Nearly two months ago, I submitted an application for a writer’s retreat scheduled for later this year. I put a lot of thought and effort into that application, even though I wasn’t sure at the time how much I wanted to attend the retreat. And then I forgot about it, for a month or so.
But friends kept brining it up and mentioning how great it would be to go. The more I thought about it, and the more I looked at past retreat photos online and learned about the property itself, the more I started to get excited about the possibility, too. It didn’t take long for me to realize that I really really wanted to go.
As the date of expected notification approached, I found myself checking my email much more frequently than normal. I wondered if my references had been contacted, or if my application had been rejected or disqualified from the start.
But I kept daydreaming about the property. About the work I hoped to do there. About the dark skies at night. I’ve been making mental inventories of what I want to pack for a two-week retreat in another state, and the timing of getting my car checked out before heading out on the road.
It’s been more than two years since I spent a night under another roof. Oddly, that last time away was at another retreat—Rainforest Writers—in February 2020, shortly before the pandemic began. Since then, I’ve been almost entirely housebound, though M has had two weeklong roadtrips in just the last six months. I have been longing for a new adventure, but afraid to reach out. What if I got sick while away? What if I brought Covid back home to M? These are not insignificant concerns.
But I believe I can venture out safely. I can do a writing retreat and take precautions. I need this. I need the space and time away in order to focus on this project that’s both important and complex. I also need a new experience, and M deserves to have some time on his own in the house.

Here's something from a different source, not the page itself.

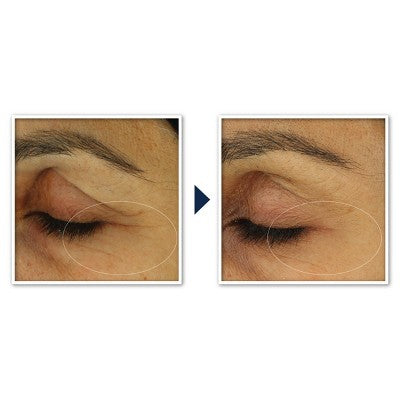 RoC Retinol Correxion Line Smoothing Anti-Aging Wrinkle Eye Cream 0.25oz - Imperfect Box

So I keep checking my email. There’s been no word yet, and I’ve been trying to distract myself from the anxious anticipation with reading, with playing games of Wordscapes, and with planning a possible solo retreat if my pending application is turned down. Because when you want something, and when you need something, you don’t have to be wholly reliant on the permission or acceptance of others. You can find your own way forward.
My first choice is to attend this particular retreat, and I do keep checking my email, hoping for good news. But I’m looking forward to carving out this time and space for myself, either way.